One thing I'm sure they'll do about Bards in Dark Sun, is just say that certain Bards allowed in Dark Sun (like the College of Whispers) are using Psionics, that way they can step around the whole preserver or defiler thing.
 

Nymrod

Explorer
A Dark Sun bard is a rogue, likely an assassin, who is trained to perform. You don't really need any new class. 5E doesn't seem to care about printing new rules just so that they can directly correspond to what is in the world; it's more about "here are some ways to play, skin them however you like"
 

Reynard

Legend
In all seriousness I would love to see a version of Dragonlance that makes it a more open Chivalric High fantasy Setting rather than just the place where the books happened. I had a lot of fun running DL games back in high school, but even then it felt like a one trick pony. But there is potential there for romance, heroism and deep internal struggles.
 

Concerning Kara-Tur and Al-Qadim, there has been a century of disasters and little contact between them and the rest of the Forgotten Realms. All we know in 5e is the vague knowledge that they still both exist in some form. With that much time having passed, and with several planet-wide cataclysms having occurred, it wouldn't really be an issue lore-wise to redesign them to jettison the less appropriate material and rework them to be more culturally nuanced, and chalk up the changes to time passing...
 

Yeah OA (+Hordelands) would need a lot of work but at the same time I think they'd be fairly worthwhile because asian mythologies are quite popular.

On Monotheism in D&D especially back in AD&D when there was a focus to have all the settings be united, it would be quite weird to have a monotheistic culture surrounded by pantheons of many gods in a world where you can readily interact with the divine. It could make sense in a place like Eberron or Ravenloft.

I think if you re-did Al Qadim you'd want to make it clearly it's own thing, rather than an adjunct setting of the FR, which is a slightly insulting position to be in for any setting!

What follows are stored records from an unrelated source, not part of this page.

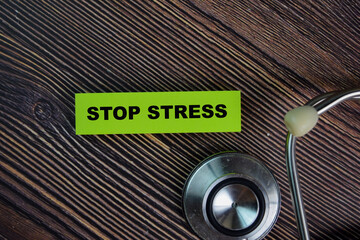 Stop Stress write on sticky notes isolated on Wooden Table. medical concept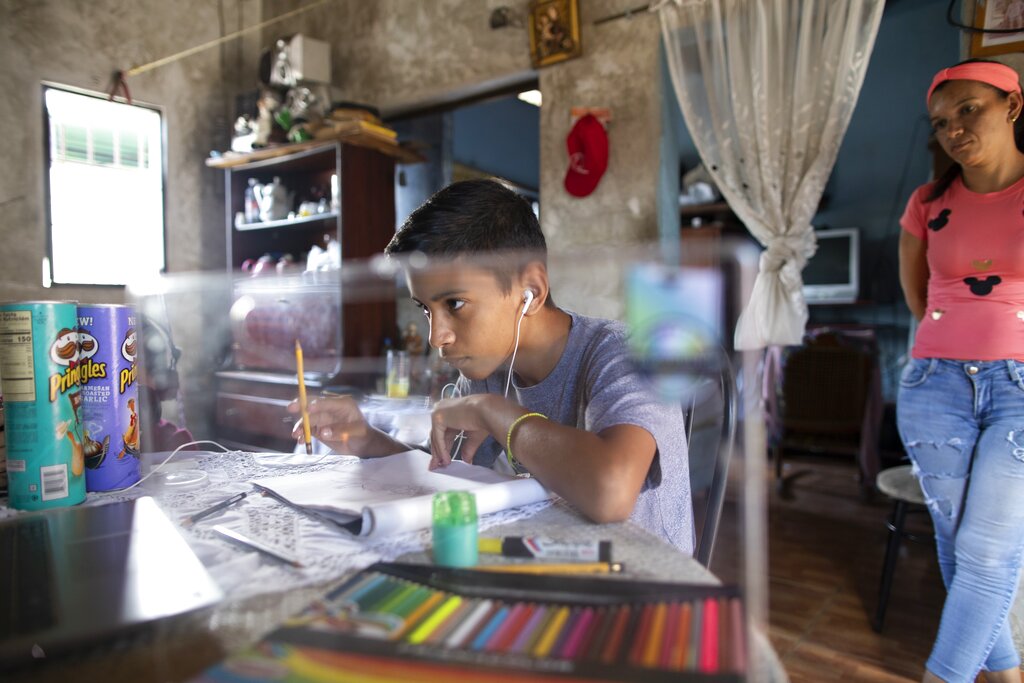 Samuel Andres Mendoza looks at a picture of a Pokemon on his computer before drawing it, at his home in Barquisimeto, Venezuela, Tuesday, March 2, 2021. (AP Photo/Ariana Cubillos)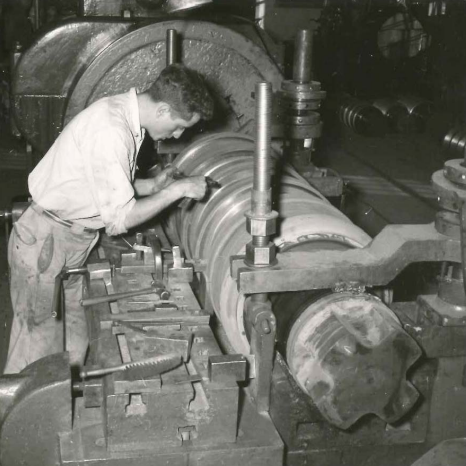 Turning Rolls Mechanical Improvements to Protect Operate Safety, Date Unknown, Gerdau Black and white depiction of a man working at the rolling mills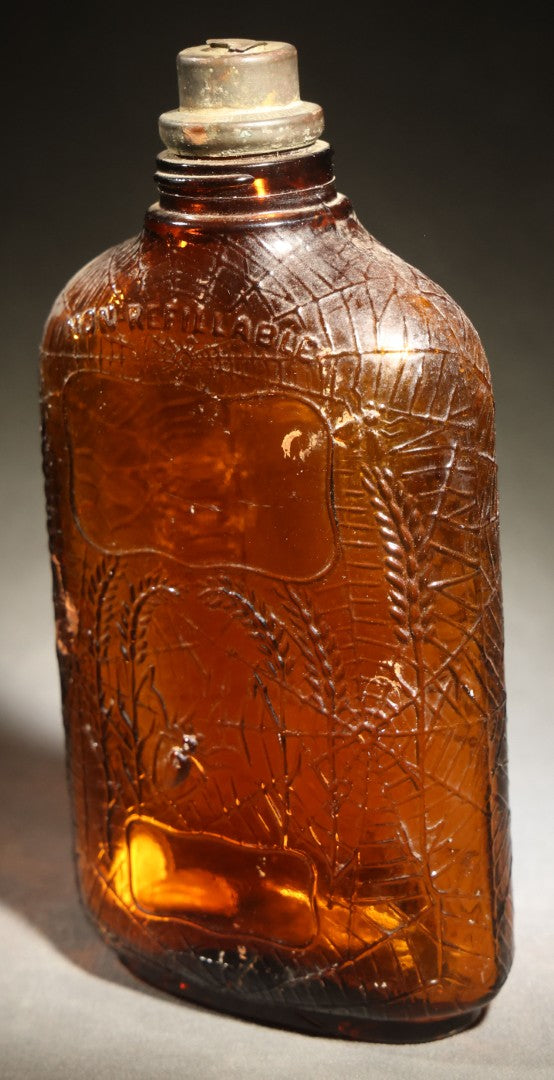 Vintage Embossed Amber Glass Whiskey Bottle with Spider Web, Spider, and Wheat Motifs, Marked "Non Refillable" and "Pat. Pending"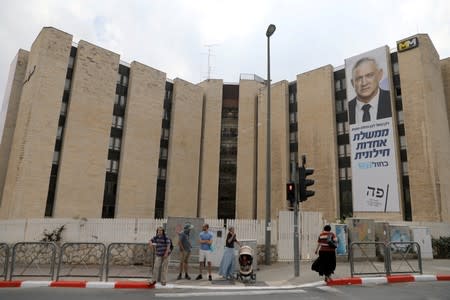 Blue and White party leader Benny Gantz is depicting on his party election campaign banner in Jerusalem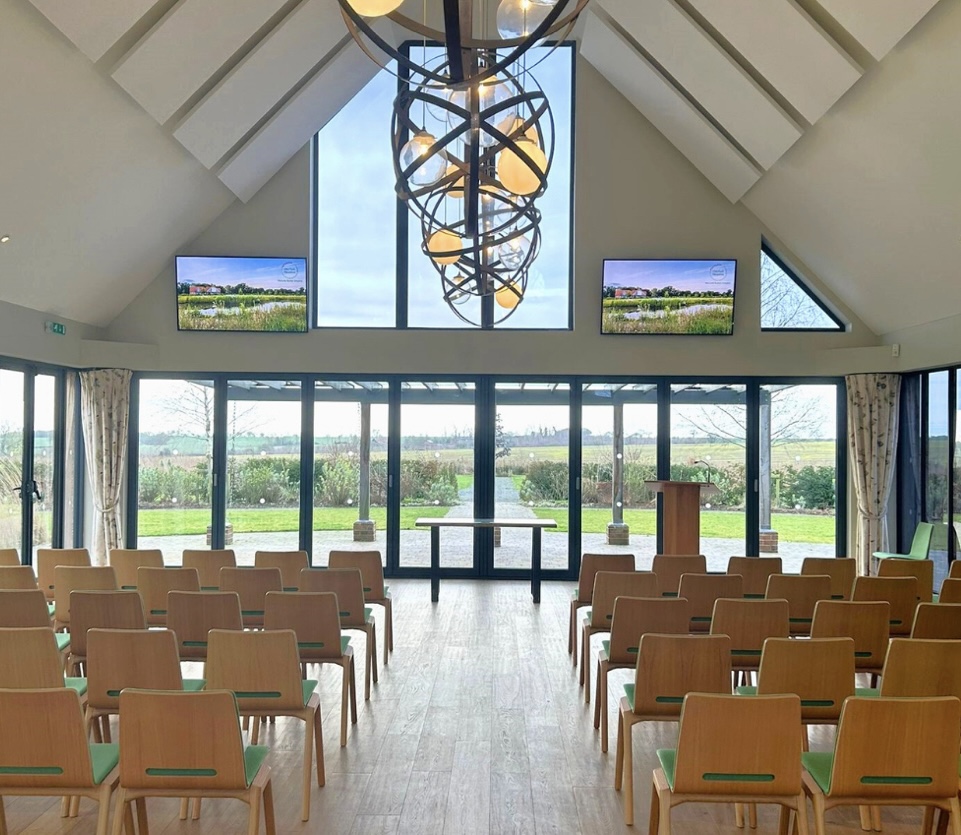 A large and bright room with fully retractable glass bifolding doors at the end looking out to the meadows, with chairs laid out wither side of an aisle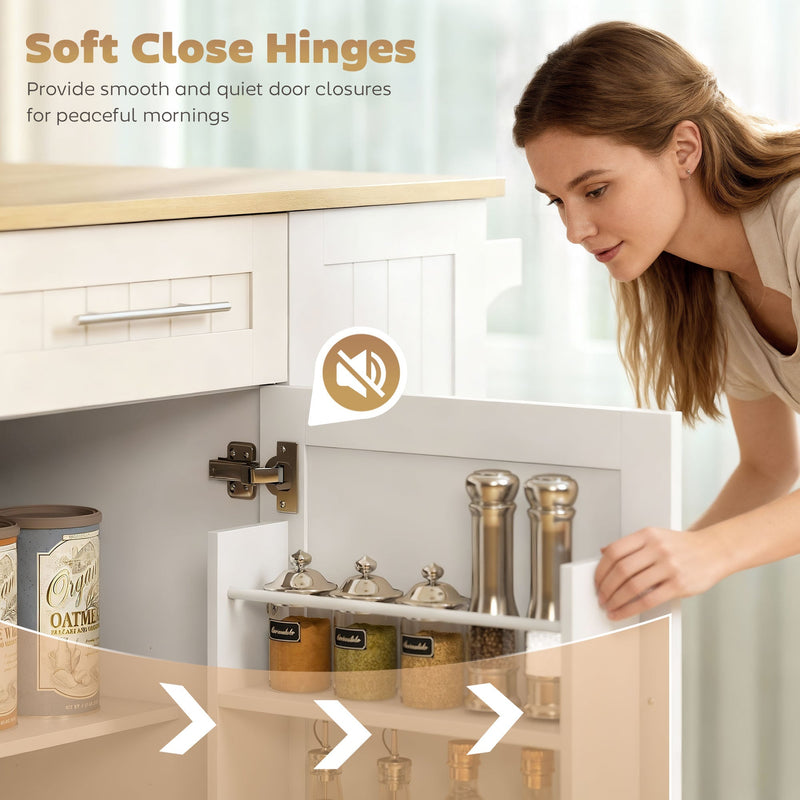 Woman closing a soft-close kitchen island door over a shelf of spice jars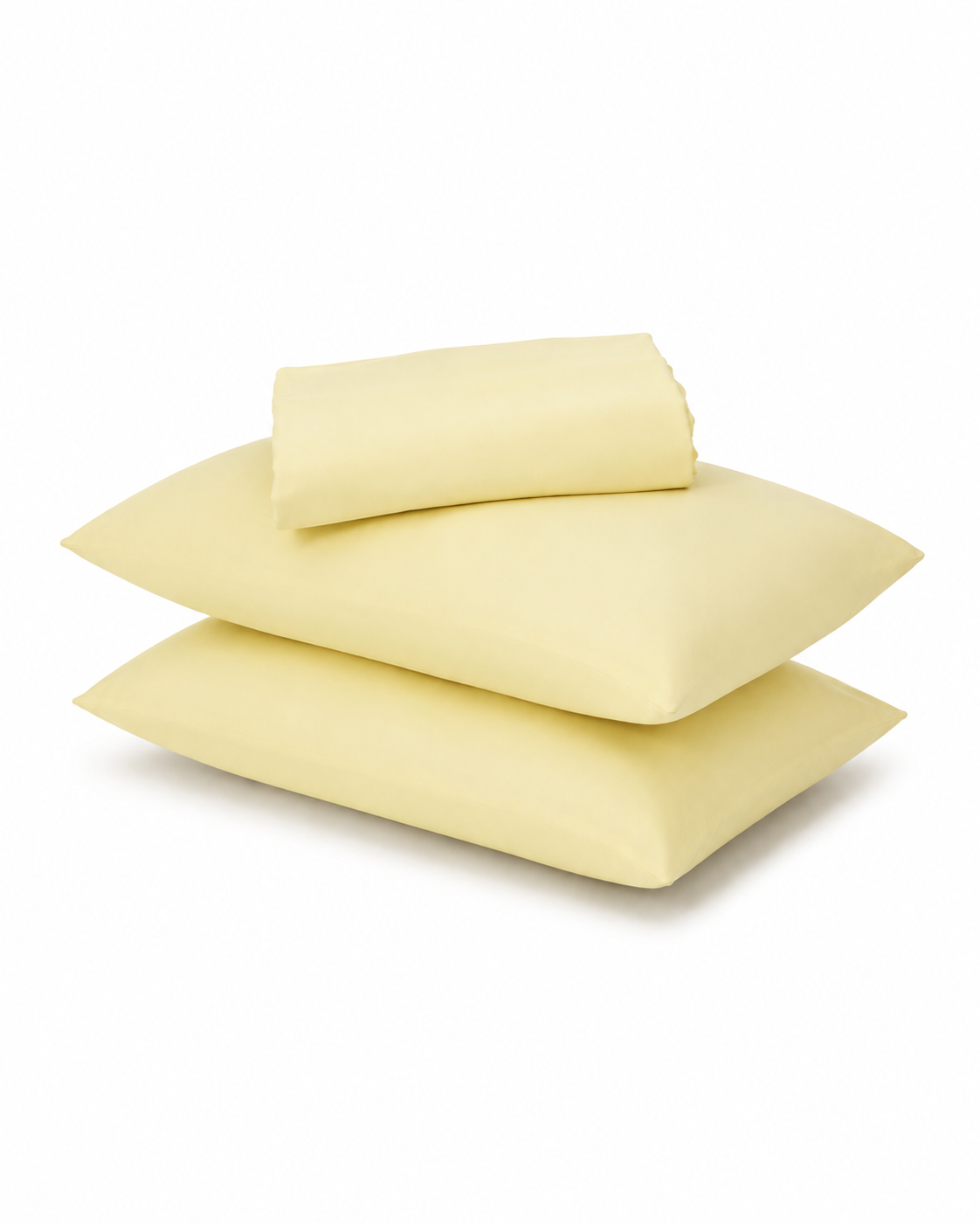 Three pale yellow pillows and a matching folded sheet or pillowcase stacked on a white background.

Make Zakhara an optional thing you could use the AQ rules for (which it kinda was but also kinda wasn't), rather than the default assumption, which should be a whole world a la Theros.

I'm not sure "asian mythology" is even really a thing any more. It was huge in, say, 1985 and through the 1990s, with first the whole ninja/samurai obsession, then the rise in popularity of HK cinema of all kinds (which was deeply influential on Hollywood action, and still is, eh, John Wick? No John Wick or the Matrix or what-have-you without John Woo), and the rise of anime, but at this point, there's no clear dividing line between "asian mythology" and Western mythology. I'm not sure there ever really was.
 

Azzy

ᚳᚣᚾᛖᚹᚢᛚᚠ
I think if you re-did Al Qadim you'd want to make it clearly it's own thing, rather than an adjunct setting of the FR, which is a slightly insulting position to be in for any setting! Make Zakhara an optional thing you could use the AQ rules for (which it kinda was but also kinda wasn't), rather than the default assumption, which should be a whole world a la Theros.

This could work as Zakhara was already so remote from Faerun. Heck, they could put in a side note that Zakhara could be easily placed in the FR if one wanted, but otherwise just make it its own setting.